Comme vous le savez peut être, les deux (2) jours à Bouaké ont rassemblé chaque jour plus de 30 000 spectateurs. Les plateaux à la place Inch‘Allah de Koumassi, à Abobo, le jazz à Bassam ont été très bien reçus. Et la sortie à Adzopé, également un franc succès. A mon humble avis, ce qu’il faut réduire et si possible rassembler en un lieu unique, ce sont les scènes du In qui alimentent en priorité le marché. La réouverture du Palais de la Culture permettra de régler cette question.
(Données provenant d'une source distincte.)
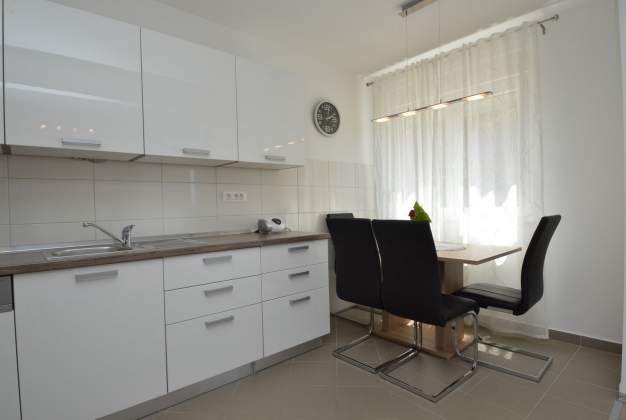 Apartment Zoja, elegant atmosphere with a view of the sea and greenery - Mali Lošinj, Croatia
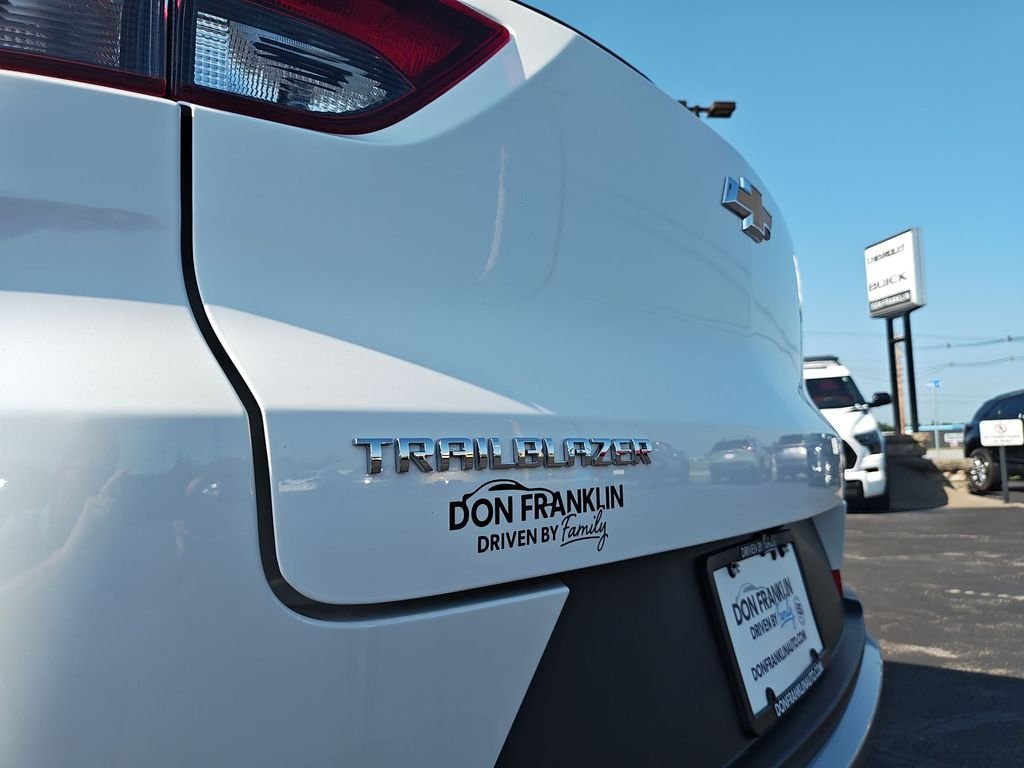 Used 2023 White Chevrolet LT image 27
Monsieur le directeur général, à votre dernière conférence de presse après le Masa-2014, vous aviez dit « on est satisfait. Cependant on reste lucide face aux limites objectives. D’abord d’où tirez-vous cette satisfaction ? Par ailleurs, qu’est ce qui n’a pas marché ?
Je suis satisfait parce que le MASA s’est tenu alors que beaucoup de personnes n’y croyaient pas. Nous avons respecté la totalité des engagements pris y compris les innovations dont vous avez parlées. Et les professionnels sont venus. A la date du 31 mars, nous pouvons confirmer la présence de 265 individuels professionnels soit quelque 110 structures.
Je suis satisfait également de l’adhésion du public qui progressivement est venu. C’est vrai que nous avons commencé timidement, mais la journée jeunes publics du mercredi 5 mars a été un grand succès qui nous a conduit vers une cérémonie de clôture qui vous en conviendrez, est venue en apothéose.
Avec cette édition, tous nos partenaires y compris ceux qui étaient dans une position de retrait par rapport au MASA, sont prêts non seulement à revenir, mais à mettre de nouveaux moyens. Je note aussi que nos nouveaux partenaires (Royal Air Maroc et Nescafé) ont promis de renforcer leur soutien au MASA. Des entreprises qui nous ont snobés pendant tous les mois où on leur courrait après pour obtenir un partenariat, sont venus dés le second jour du MASA, prendre des stands au MASA. En somme, la Côte d’Ivoire a retrouvé le MASA et le MASA a retrouvé un nouveau souffle.
Ce qui n’a pas marché, c’est la mise à disposition tardive des subventions publiques. Ce qui a induit des retards et des encombrements sur toute la chaine de l’organisation pratique. Nous avons également connu des soucis d’alimentationélectrique que je mets au compte de l’état des lieux d’infrastructures qui elles aussi, sortent de crise.
L’un des reproches objectifs qu’on vous fait, aviez-vous reconnu, c’est de ne pas avoir respecté les programmes. Professeur, à ce niveau qu’est ce qui s’est passé ?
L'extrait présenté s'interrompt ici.